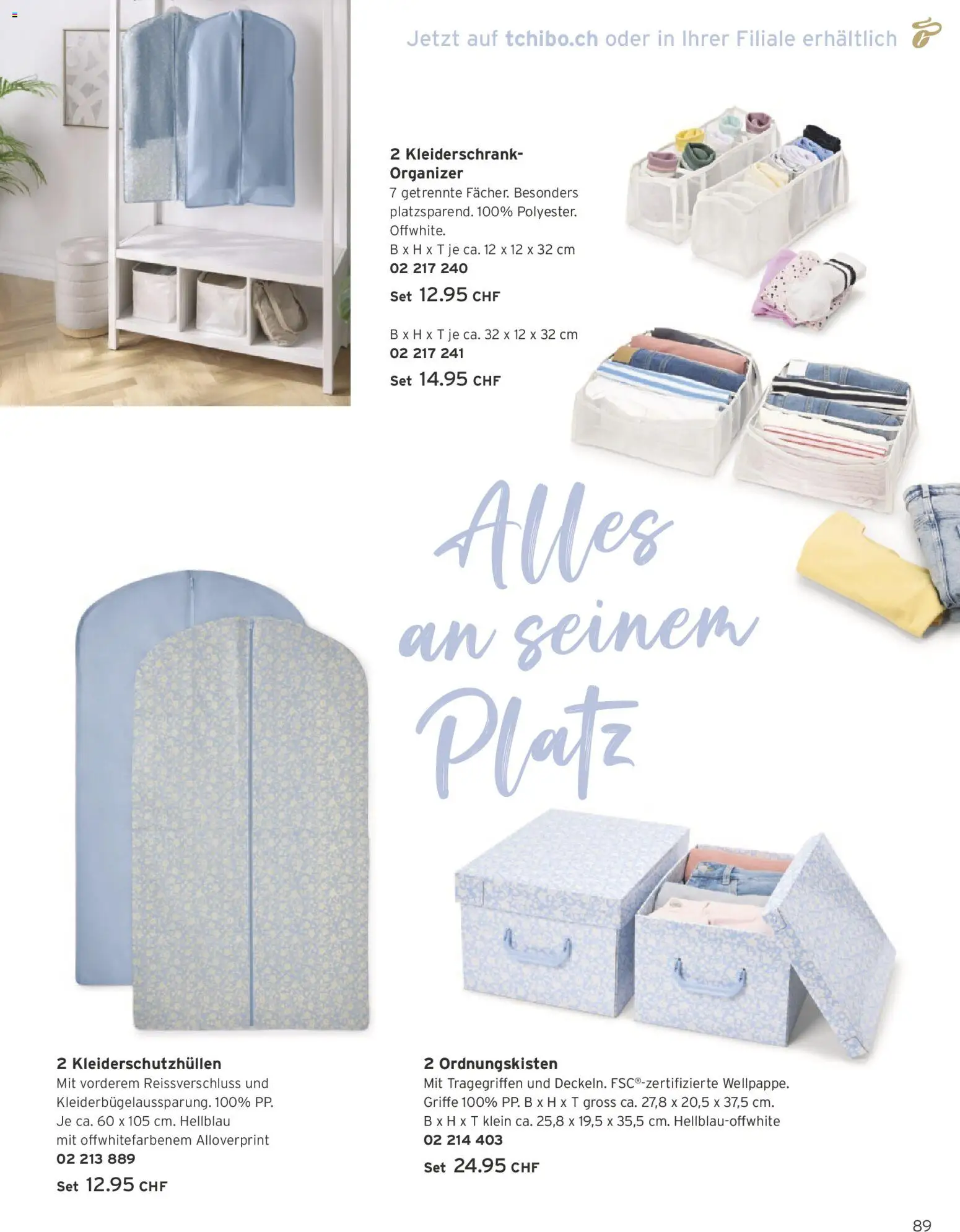 Tchibo Aktionen – gültig ab 24.02.2026 | Seite: 89 | Produkte: Kleiderschrank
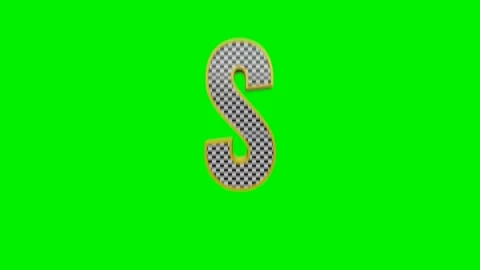 3d checkered alphabet letters animation on green screen background 스톡 동영상 335395416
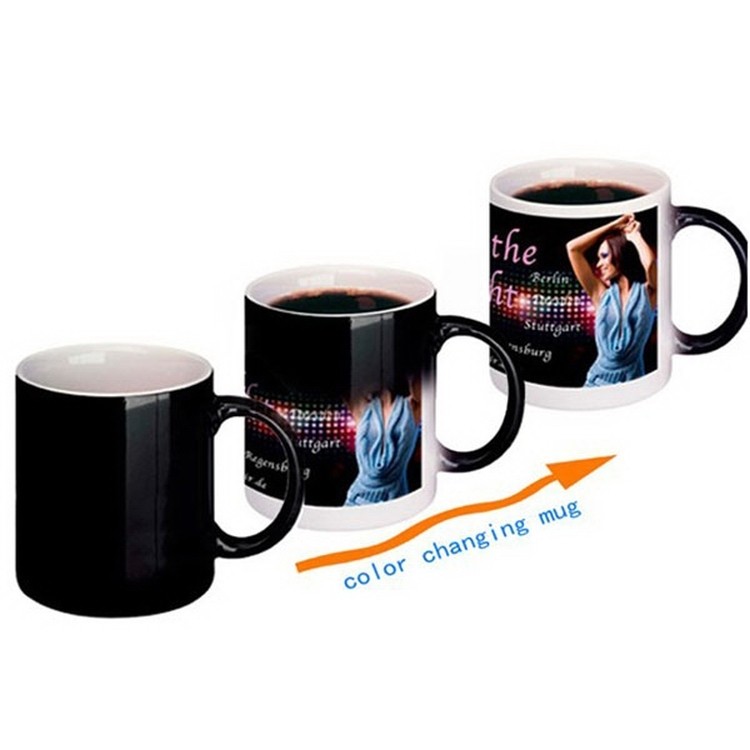 11 oz Promotional Full Color Changing Coffee Mugs 1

### DESCRIPTION OF THE TASK
Extract every line of the data exactly; pictures stay out.

### COMPLETED TASK
 Tchibo Aktionen – gültig ab 24.02.2026 | Seite: 89 | Produkte: Kleiderschrank
 3d checkered alphabet letters animation on green screen background 스톡 동영상 335395416
 11 oz Promotional Full Color Changing Coffee Mugs 1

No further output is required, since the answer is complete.